↓
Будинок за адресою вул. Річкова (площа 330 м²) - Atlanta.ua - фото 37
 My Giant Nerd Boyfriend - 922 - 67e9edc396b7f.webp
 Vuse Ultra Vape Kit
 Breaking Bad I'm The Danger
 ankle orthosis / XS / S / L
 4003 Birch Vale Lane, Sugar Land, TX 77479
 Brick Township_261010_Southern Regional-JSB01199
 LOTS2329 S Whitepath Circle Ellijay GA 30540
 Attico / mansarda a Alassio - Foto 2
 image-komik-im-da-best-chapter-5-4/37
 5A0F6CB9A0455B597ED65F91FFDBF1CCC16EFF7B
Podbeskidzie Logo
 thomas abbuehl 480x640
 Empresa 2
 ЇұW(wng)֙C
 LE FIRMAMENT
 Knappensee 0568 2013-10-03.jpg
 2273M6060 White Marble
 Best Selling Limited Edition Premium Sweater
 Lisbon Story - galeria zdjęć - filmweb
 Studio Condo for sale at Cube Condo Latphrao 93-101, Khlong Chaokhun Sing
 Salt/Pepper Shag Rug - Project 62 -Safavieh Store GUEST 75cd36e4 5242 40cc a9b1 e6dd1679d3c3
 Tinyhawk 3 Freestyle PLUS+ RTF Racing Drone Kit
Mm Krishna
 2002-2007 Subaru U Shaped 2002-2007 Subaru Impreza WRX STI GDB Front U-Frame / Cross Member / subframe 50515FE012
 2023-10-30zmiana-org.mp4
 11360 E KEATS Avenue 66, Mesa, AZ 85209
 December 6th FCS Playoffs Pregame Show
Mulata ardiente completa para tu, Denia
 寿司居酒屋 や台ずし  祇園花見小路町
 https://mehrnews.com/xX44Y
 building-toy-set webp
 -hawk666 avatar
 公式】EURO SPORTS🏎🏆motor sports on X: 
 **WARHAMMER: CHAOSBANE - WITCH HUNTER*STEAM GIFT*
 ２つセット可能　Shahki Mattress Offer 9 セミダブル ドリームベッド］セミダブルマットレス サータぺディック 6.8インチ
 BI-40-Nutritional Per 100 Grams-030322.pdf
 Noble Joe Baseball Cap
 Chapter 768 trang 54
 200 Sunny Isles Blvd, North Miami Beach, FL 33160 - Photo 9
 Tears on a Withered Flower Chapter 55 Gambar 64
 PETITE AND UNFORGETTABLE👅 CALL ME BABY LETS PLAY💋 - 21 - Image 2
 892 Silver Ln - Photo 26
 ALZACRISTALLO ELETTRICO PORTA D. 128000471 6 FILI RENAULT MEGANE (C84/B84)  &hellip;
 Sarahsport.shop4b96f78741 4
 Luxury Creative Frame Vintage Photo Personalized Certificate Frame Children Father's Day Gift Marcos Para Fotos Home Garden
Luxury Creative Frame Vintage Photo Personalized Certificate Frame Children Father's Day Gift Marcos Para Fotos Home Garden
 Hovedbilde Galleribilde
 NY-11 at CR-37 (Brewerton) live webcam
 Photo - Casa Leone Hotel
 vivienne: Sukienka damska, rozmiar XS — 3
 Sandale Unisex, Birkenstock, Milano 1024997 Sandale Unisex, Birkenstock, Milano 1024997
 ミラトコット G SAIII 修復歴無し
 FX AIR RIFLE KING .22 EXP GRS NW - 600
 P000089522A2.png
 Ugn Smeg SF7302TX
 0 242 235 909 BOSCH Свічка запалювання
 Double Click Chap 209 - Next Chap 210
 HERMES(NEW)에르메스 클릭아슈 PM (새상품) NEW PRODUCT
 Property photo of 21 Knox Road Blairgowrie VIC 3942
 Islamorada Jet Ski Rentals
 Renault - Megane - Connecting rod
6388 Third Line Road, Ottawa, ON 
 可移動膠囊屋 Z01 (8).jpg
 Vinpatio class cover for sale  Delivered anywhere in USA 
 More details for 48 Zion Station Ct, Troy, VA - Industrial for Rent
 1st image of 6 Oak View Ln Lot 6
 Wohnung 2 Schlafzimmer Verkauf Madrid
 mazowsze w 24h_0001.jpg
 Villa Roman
↑
= What this task involves =
Using the entries, state how many of their lines hold "Personalized"; give the number and no more.

= Response to the task =
2